WHAT IS BEING ASKED:
The entries below contain pictures. Write out only the lines from the line with "S커플러 KK시리즈 원터치관피팅붙이 엘보타입" up to and including the line with "3D 모기퇴치등 usb광촉매", exactly, without them.

(Stored entries)
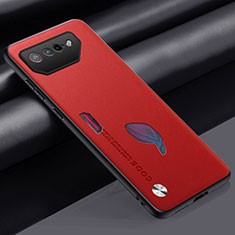 Custodia Lusso Pelle Cover S02 per Asus ROG Phone 7 Pro Rosso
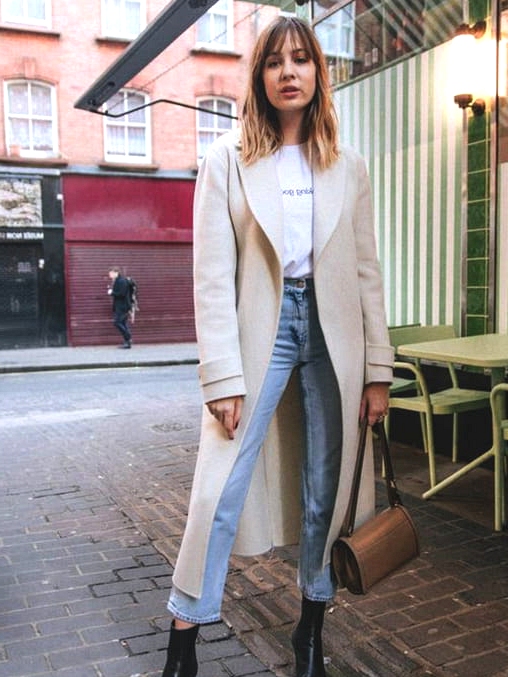 nude-trench-coat-white-tee-denim-fall-fashion-ideas-school-outfit-ideas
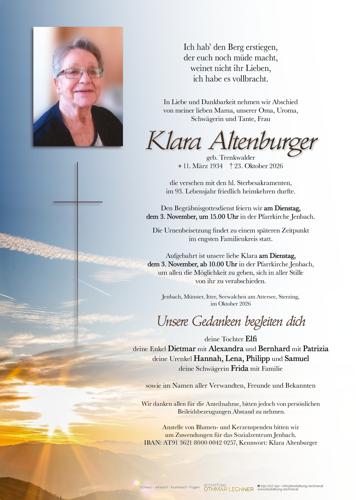 Parte von Klara Altenburger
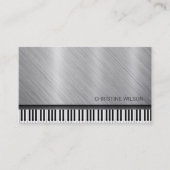 Pianist Silver Grey Visitekaartje (Voorkant)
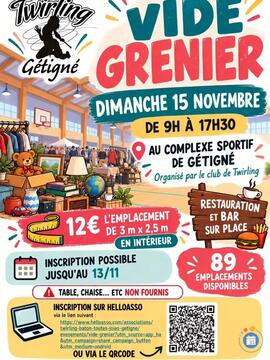 Image Vide grenier Twirling Gétigné (photo 1)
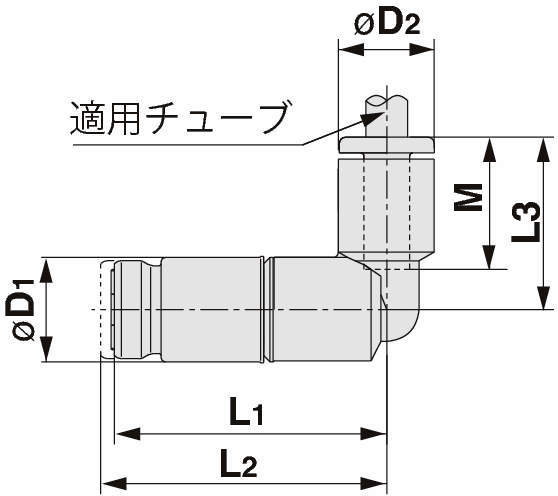 S커플러 KK시리즈 원터치관피팅붙이 엘보타입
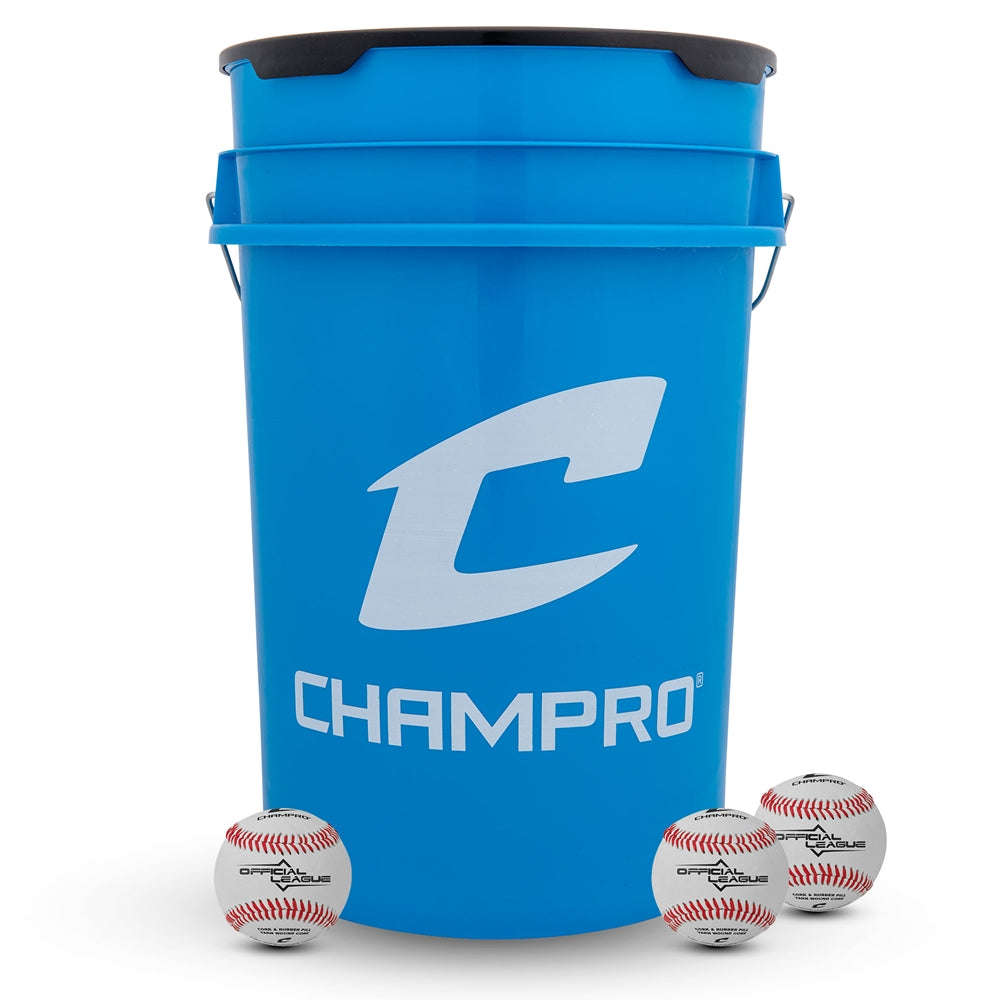 Champro 6 Gallon Bucket with 24 CBB-200D Baseballs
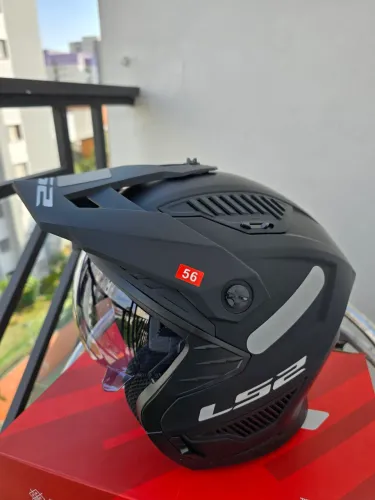 Capacete Ls2 Of606 Drifter Preto Fosco
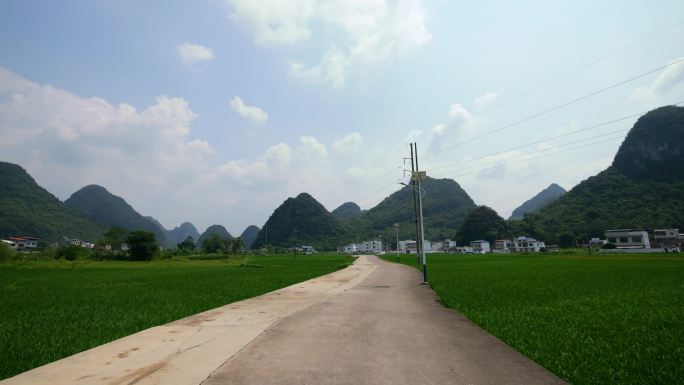 广西农村实景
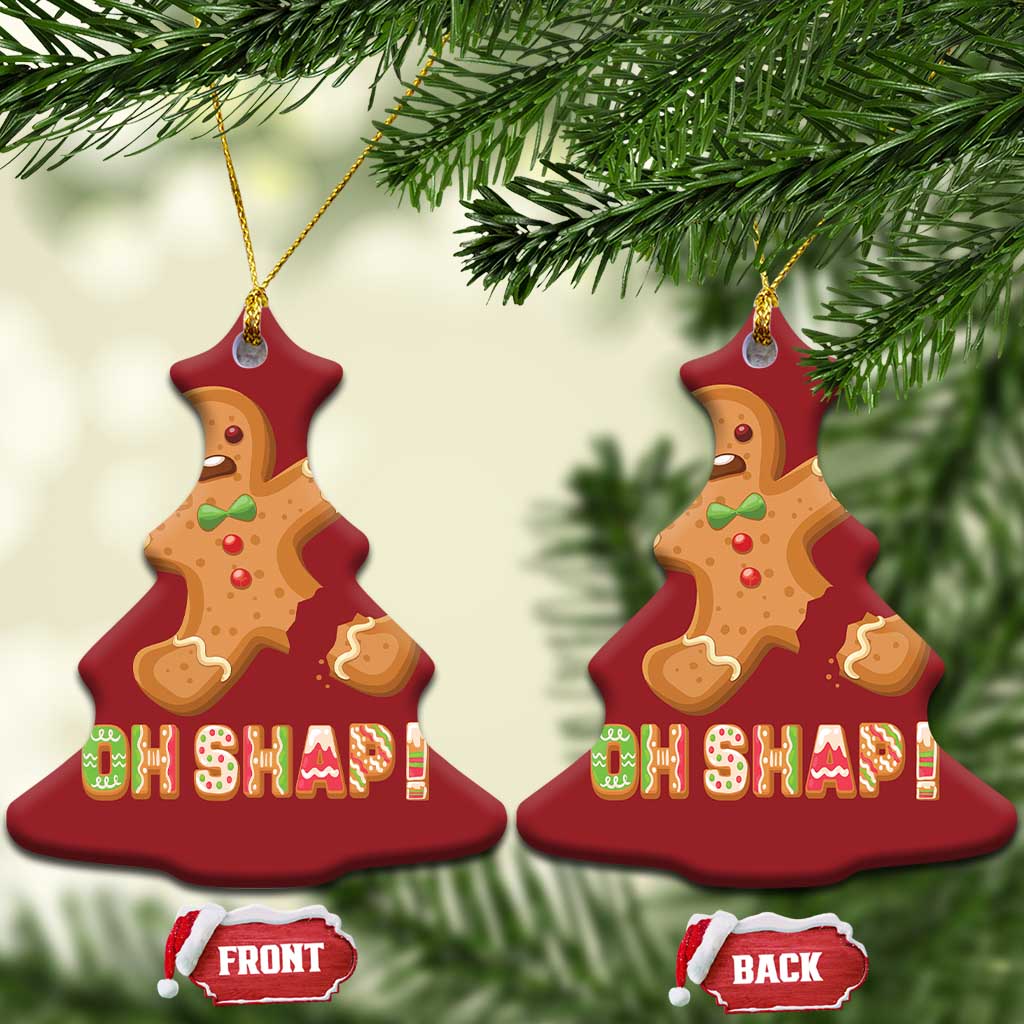 Funny Xmas Gingerbread Christmas Ornament Oh Snap Cookie Baking TS11 Christmas Tree Red Print Your Wear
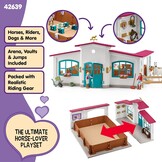schleich HORSE CLUB Riding Hall Peppertree 42639 With obstacles, paddock and lots of accessories Nice gift for girls and boys earth toys from 5 years Set of 179 pieces | With obstacles, paddock and many accessories, great gift for girls and boys, horse to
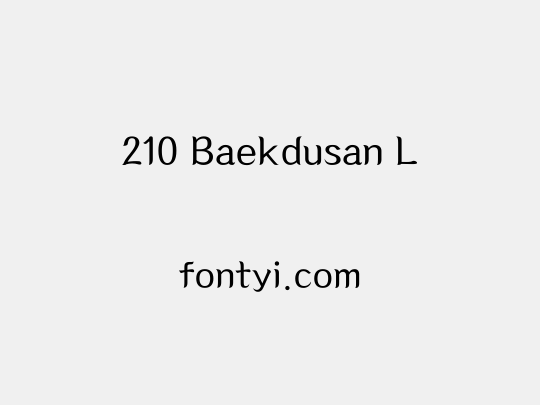 210 Baekdusan L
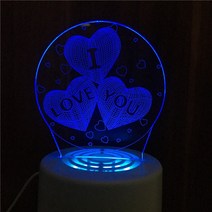 3D 모기퇴치등 usb광촉매 모기퇴치기 무음자조명 가정용 모기잡기 회사 경품, 사랑 (모기 킬러)
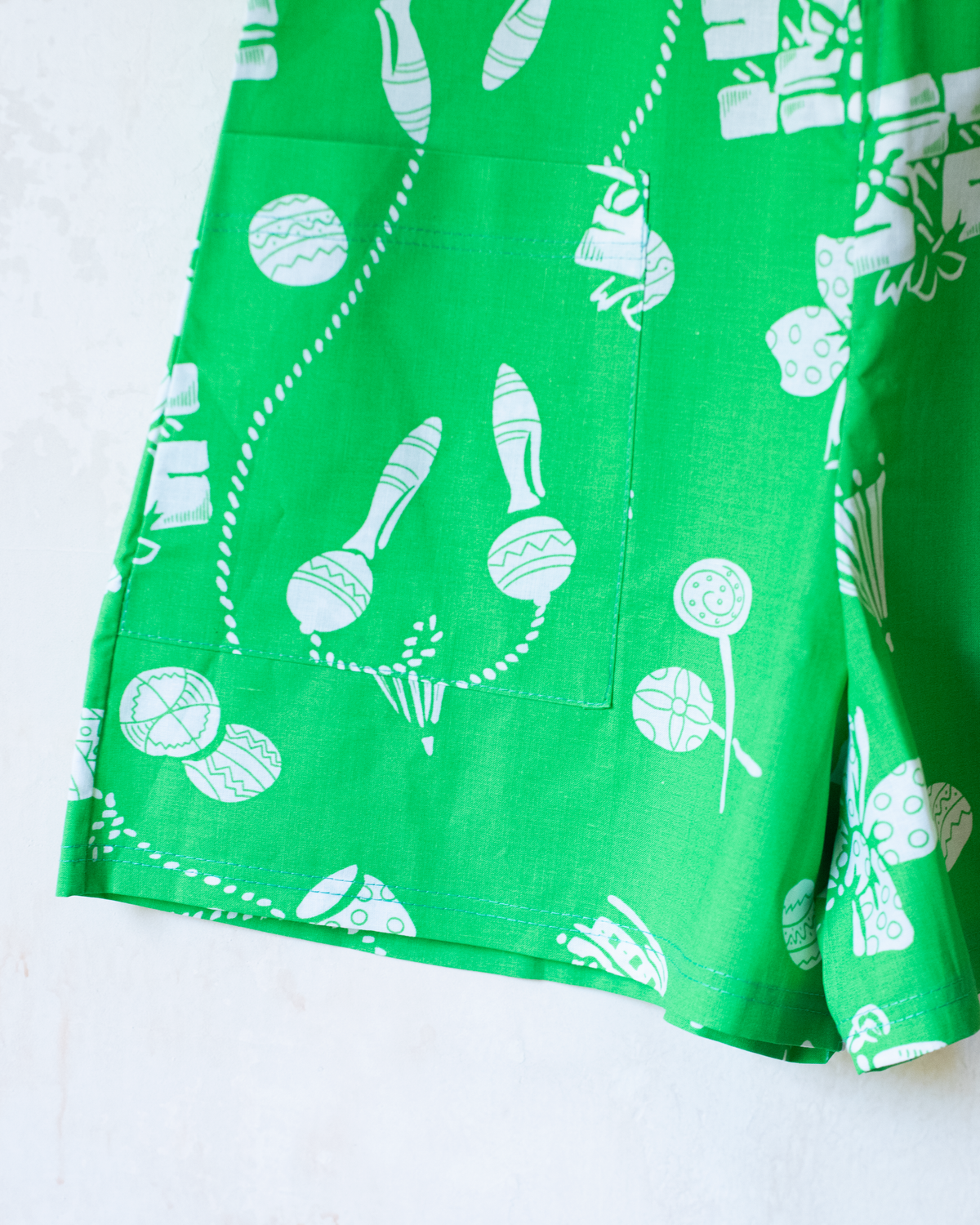Summer green overalls with prints | 10-11 years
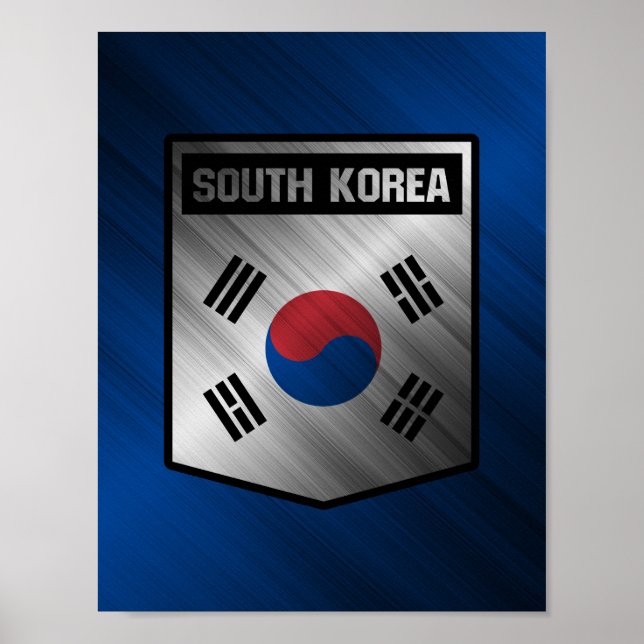 Sydkorea Poster (Framsidan)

RESPONSE BOX:
 S커플러 KK시리즈 원터치관피팅붙이 엘보타입
 Champro 6 Gallon Bucket with 24 CBB-200D Baseballs
 Capacete Ls2 Of606 Drifter Preto Fosco
 广西农村实景
 Funny Xmas Gingerbread Christmas Ornament Oh Snap Cookie Baking TS11 Christmas Tree Red Print Your Wear
schleich HORSE CLUB Riding Hall Peppertree 42639 With obstacles, paddock and lots of accessories Nice gift for girls and boys earth toys from 5 years Set of 179 pieces | With obstacles, paddock and many accessories, great gift for girls and boys, horse to
 210 Baekdusan L
 3D 모기퇴치등 usb광촉매 모기퇴치기 무음자조명 가정용 모기잡기 회사 경품, 사랑 (모기 킬러)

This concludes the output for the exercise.